Red Adair put out oil well fires by setting off gigantic explosions at the wellhead. “My belief is that the Fred Adair solution is to blow up or burn the OTC market in credit default swaps,” Scholes said this morning. What that means, he elaborated, is that regulators should “try to close all contracts at mid-market prices” and then start up the market anew with clearer rules and shorter-duration contracts.

This was at a conference at New York University occasioned by a new collection of papers on how to fix the financial system, authored by a bunch of NYU Stern School faculty. Scholes kept saying Fred Adair. Sometimes he’d notice and correct himself, sometimes he wouldn’t. The FT’s John Gapper, who was on a panel with Scholes, finally speculated that this was because the government response to the financial crisis has been such an unwieldy mix of Fred Astaire (dancing around the problems) and Red Adair (doing something to fix them). Scholes did not disagree.

The blow-up-the-CDSes option is intriguing, and I’m going to check in with Scholes later to see if he wishes to elaborate. But for now, a few more notes from the panel, which was moderated by Paul Volcker and also featured NYU finance professor Matt Richardson:

Some would say Scholes is partly to blame for this whole mess, and Volcker dropped a couple of hints in that direction. Scholes didn’t exactly accept responsibility, but neither did he give a blindered, Chicago-style defense. For one thing, he cited John Maynard Keynes—still a nonperson to many of Scholes’s fellow Chicago Ph.Ds—arguing that we’re currently stuck in a situation where the financial system needs to deleverage, but its current deleveraging is causing asset values to plummet, meaning that it’s not succeeding in deleveraging at all (that is, debt is down, but so is the value of everybody’s capital, so leverage ratios aren’t declining). For another, he seemed to agree with one of the main criticisms of the Wall Street risk models that evolved in part from Black-Scholes—that they have some ability to capture the risks faced by one investor operating in a financial market that the investor is too small to influence, but aren’t much good at capturing the risks faced by the entire market. “Risk aggregation is not linear,” he said. “It’s nonlinear.” (This is what Chapter 13 of The Myth of the Rational Market is about. Doesn’t that sound exciting?)

As the moderator, Volcker didn’t say all that much. He did talk for a bit, though, about how “maybe we ought to have a two-tier financial system,” with a heavily regulated “core part that I will for purposes of simplicity call commercial banking”  and a less-regulated outer realm of hedge funds, proprietary trading desks, and such.
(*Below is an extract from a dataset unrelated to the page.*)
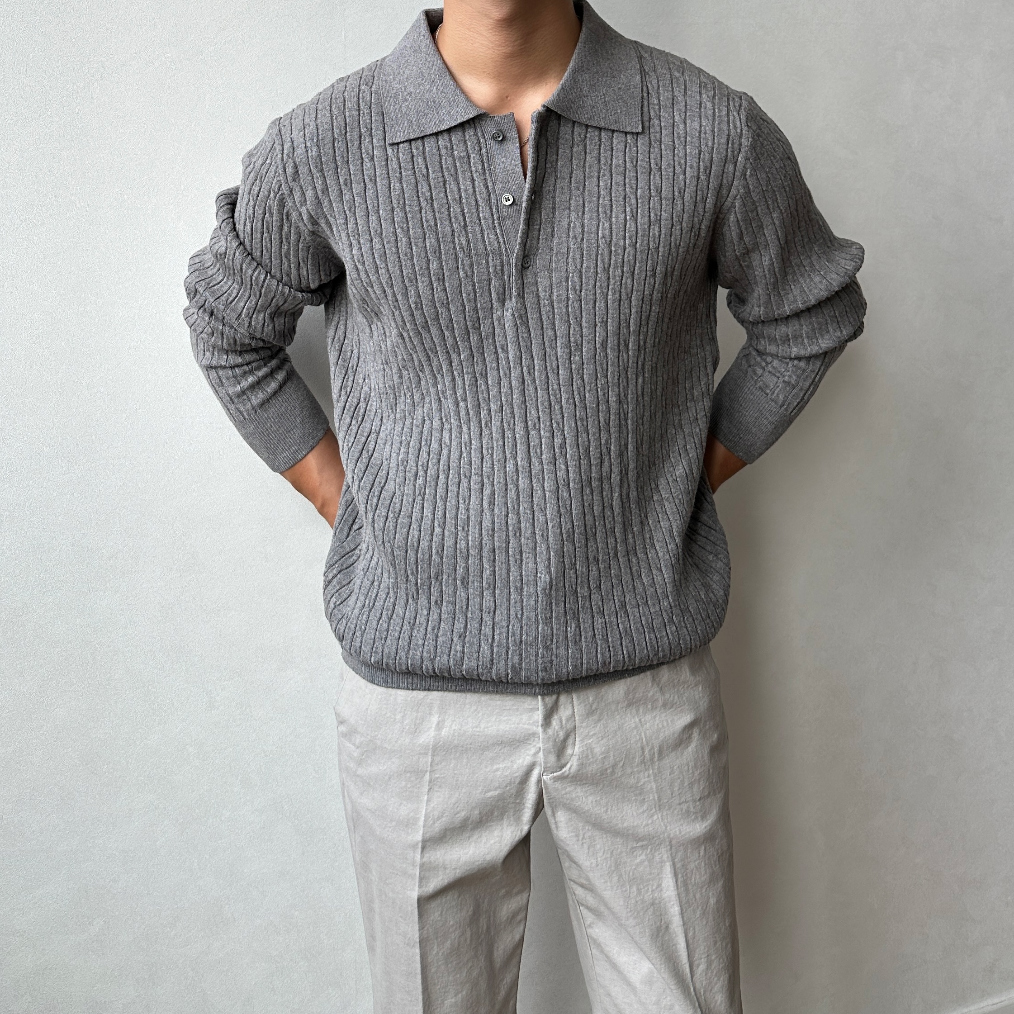 Paris - Pull tricot fait main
Hmmm, said Gapper, that “reminds me of something I once heard of called the Glass-Steagall Act.” This Glass-Steagall revivalism is happening all over. I’m even beginning to feel the spirit. But Gapper had an interesting question: “If you wanted to set up a new Glass-Steagall, where would you draw the line?”

Scholes finally got his free-market Chicago dander up over the possibility of synchronized global financial regulation—something that Volcker has been advocating as chairman of the Group of Thirty project on financial reform—sparking this entertaining exchange:

Scholes: If we internationalize everything, we end up with rules that stifle freedom and innovation. Mr. Sarkozy and others say our system has failed and we should adopt theirs. Do we want to become French?

Volcker: I’m not an acolyte of Mr. Sarkozy.

Gapper: Actually, the French banks are big derivatives users.

Volcker: The U.S. is no longer in a position to dictate to the rest of the world.